» **HOW TO COMPLETE THIS TASK**: Repeat only the lines below that run from the line with "Yukino, Silver hair" to the line with "Briefsjabloon bruiloft officieel", ends included; skip every picture.

Extracted data entries
::::::::

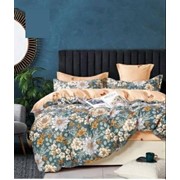 Полутораспальный комплект постельного белья из сатина 130гр Темно-серо-синий с узором из разных цветов и фотография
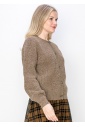 Ribbed Knit Taupe Cardigan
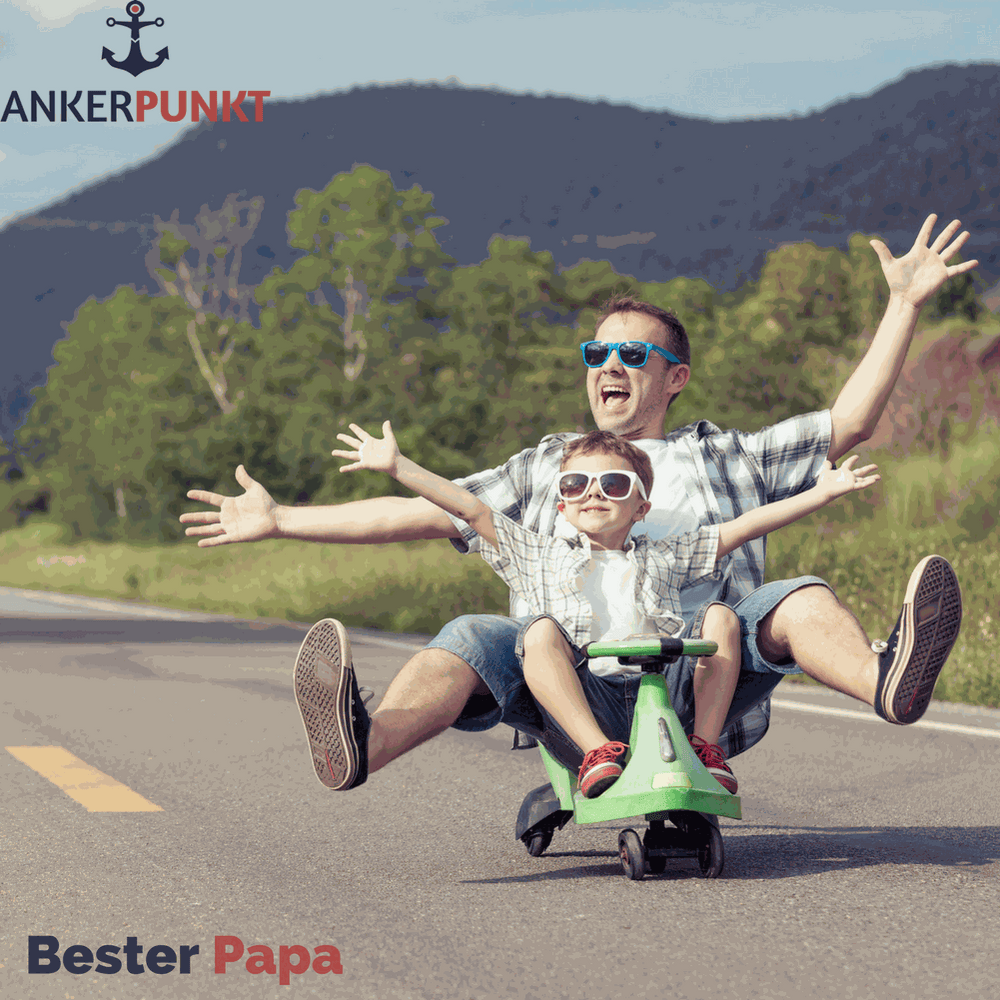 Geschenk für Papa Schlüsselanhänger Bester Papa Schlüsselanhänger Leder dunkelbraun - Ankerpunkt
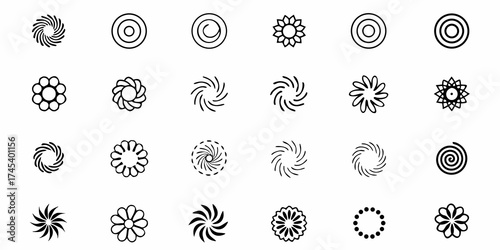 Elegant floral vector graphic elements for creative design projects, offering a variety of modern flower icons and abstract botanical shapes for logos and branding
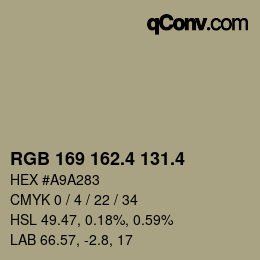 カラーコード: RGB 169 162.4 131.4 | qconv.com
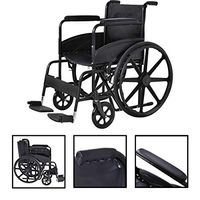 Cirocco 24” Foldable Medical Wheelchair Heavy Duty Support 250Lbs Ergonomic Backrest Durable Sturdy Portable Lightweight Adjustable Comfy For Elder Handicap Indoor Outdoor Home Travel Hospital Patient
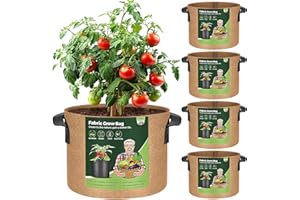 T4U 5-Pack 10 Gallon Fabric Plant Grow Bags, Heavy Duty Smart Growing Bag with Handle, Thickened Breathable Nonwoven Growbag Planter Container for Potato Tomato Chili Strawberry Vegetable Seed Outdoor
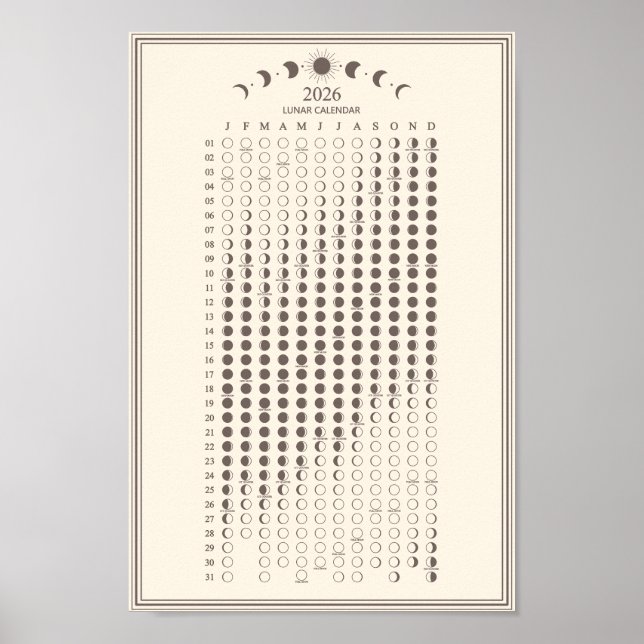 2026 Månfas Lunar Cycles Kalender Minimalist Poster (Framsidan)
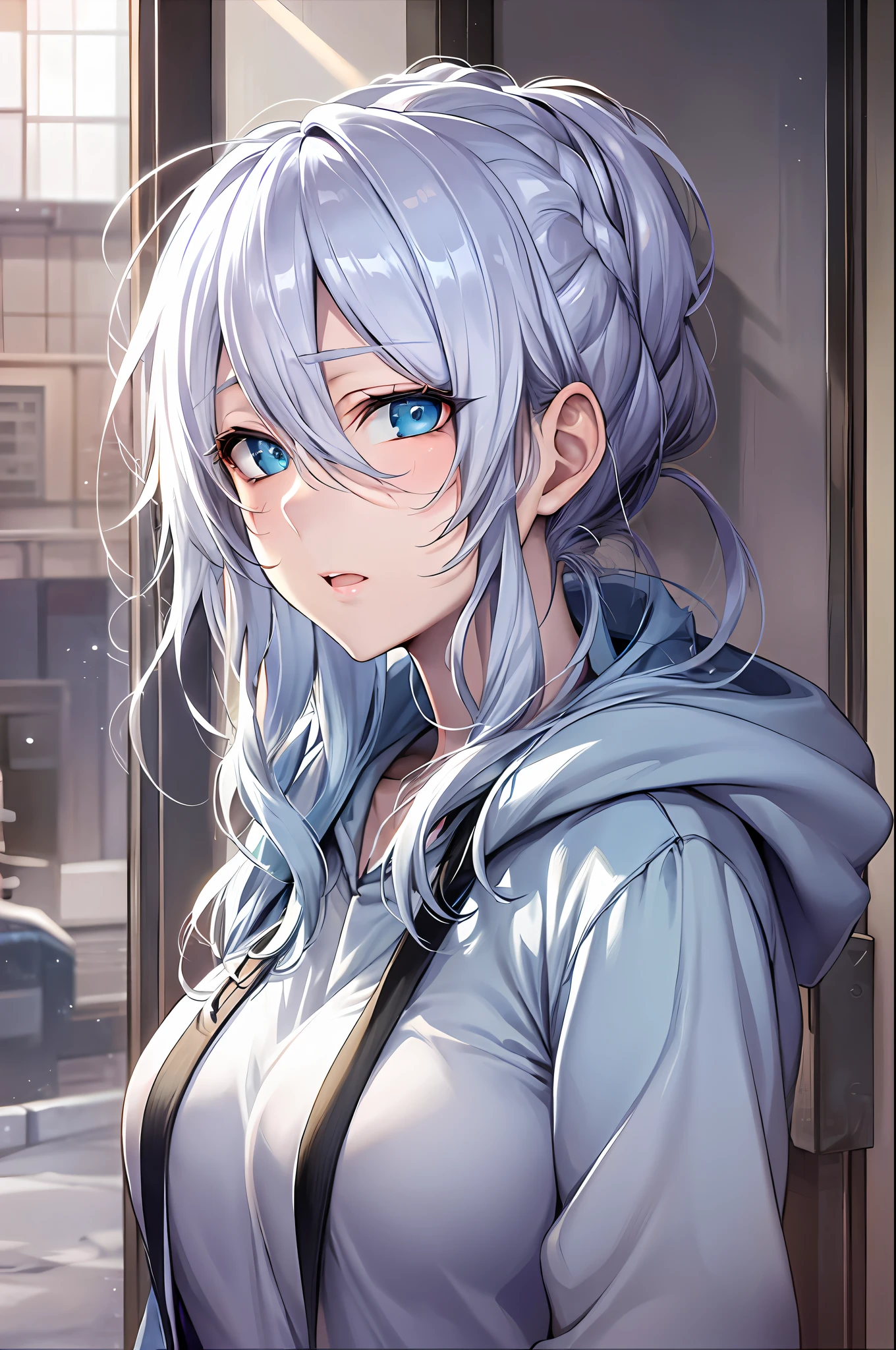 Yukino, Silver hair and  eyes in a black hoodie, anime visual of a cute girl, screenshot from the anime film, & her expression is solemn, in the anime film, in an anime, anime visual of a young woman, she has a cute expressive face, still from anime, perfect breast, sexy pose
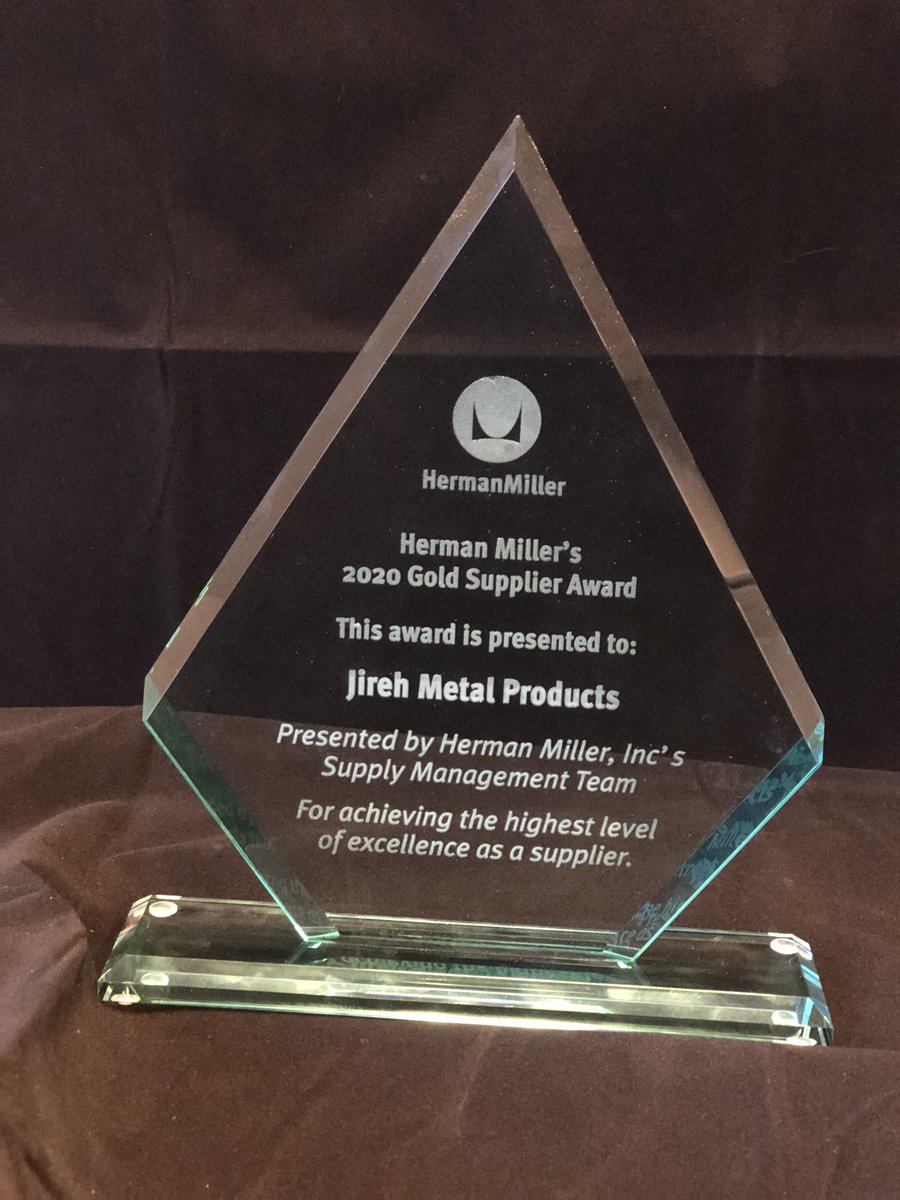 Thank you to every Jireh Metal Team Member! This award is a reflection of what our people do every day. It takes GREAT people to achieve "the highest level of excellence as a supplier." We are proud to receive the 2020 <a href="/HermanMiller/">Herman Miller</a> Gold Supplier Award!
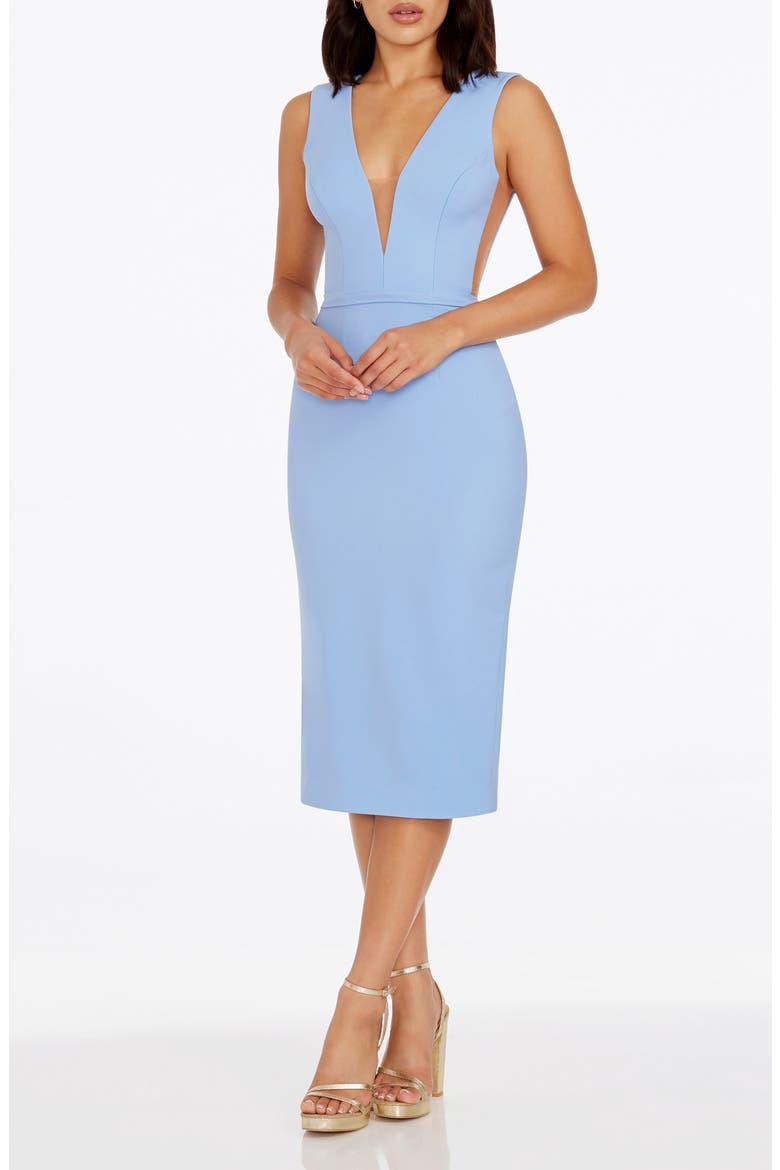 Ivana Illusion Neck Sheath Cocktail Dress, Main, color, SKY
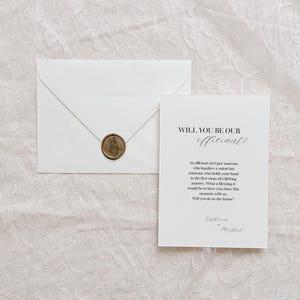 Briefsjabloon bruiloft officieel | Briefsjabloon Officiant voorstel | Wil je met ons trouwen Officiant kaart | Minimalistische trouwdetails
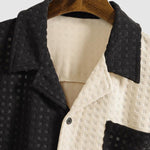 Men's Terry Cloth Color Block Cuban Collar Short Sleeve Shirt
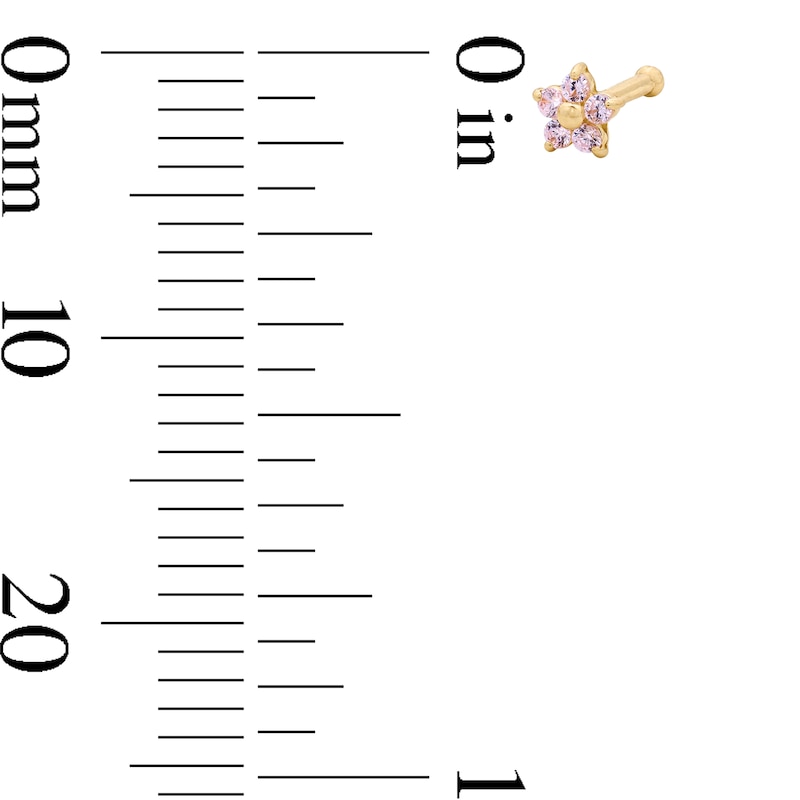 Main Image 2 of 14K Semi-Solid Gold CZ Pink Nose Stud - 22G 1/4"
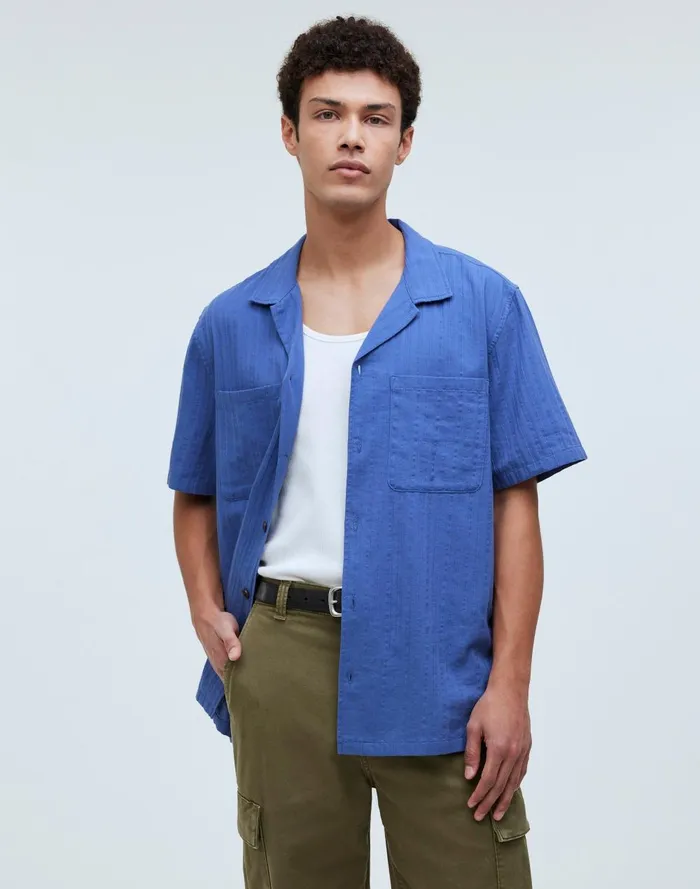 Men Shirts Madewell Easy ShortSleeve Shirt In Stripe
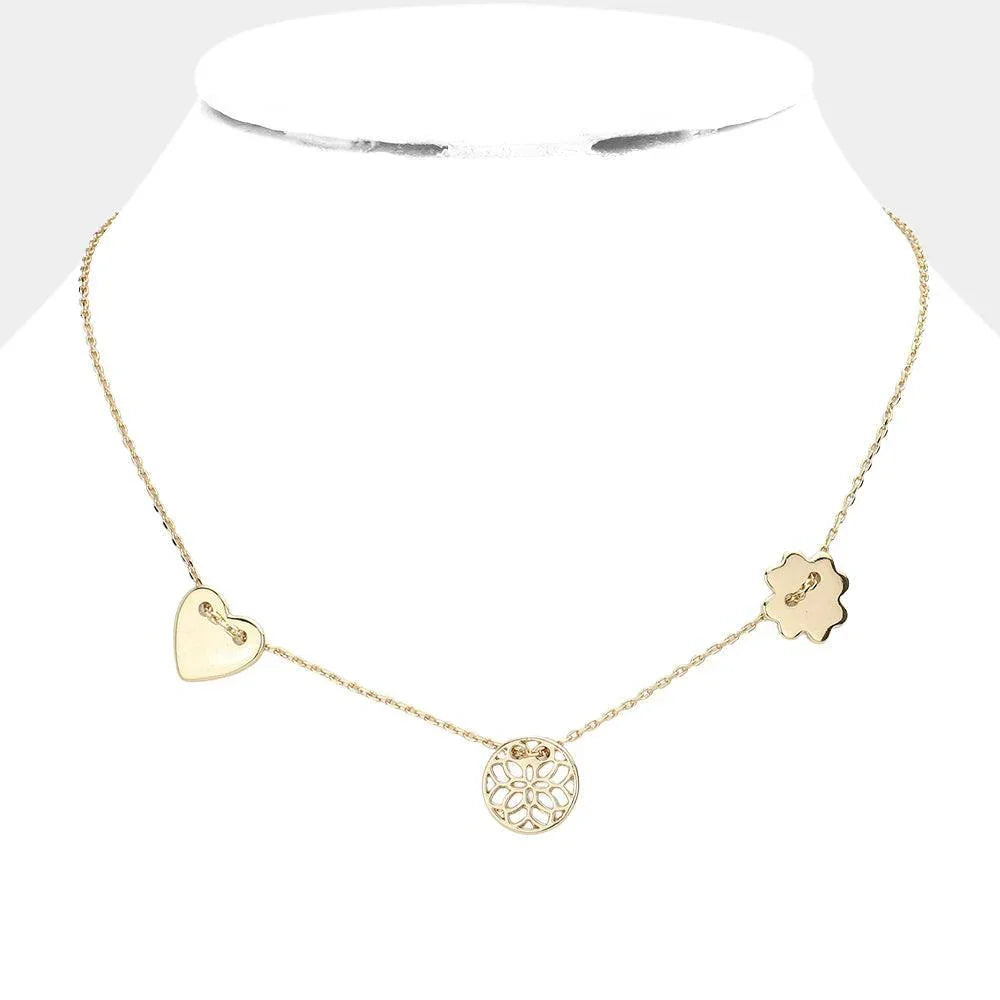 Gold Metal Heart Filigree Round Pendant Necklace - Jewelry Store by Erik Rayo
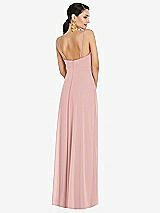 Rear View Thumbnail - Rose Adjustable Strap Wrap Bodice Maxi Dress with Front Slit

::::::::

» **RESPONSE TO THIS TASK**:
 Yukino, Silver hair and  eyes in a black hoodie, anime visual of a cute girl, screenshot from the anime film, & her expression is solemn, in the anime film, in an anime, anime visual of a young woman, she has a cute expressive face, still from anime, perfect breast, sexy pose
 Thank you to every Jireh Metal Team Member! This award is a reflection of what our people do every day. It takes GREAT people to achieve "the highest level of excellence as a supplier." We are proud to receive the 2020 <a href="/HermanMiller/">Herman Miller</a> Gold Supplier Award!
 Ivana Illusion Neck Sheath Cocktail Dress, Main, color, SKY
 Briefsjabloon bruiloft officieel | Briefsjabloon Officiant voorstel | Wil je met ons trouwen Officiant kaart | Minimalistische trouwdetails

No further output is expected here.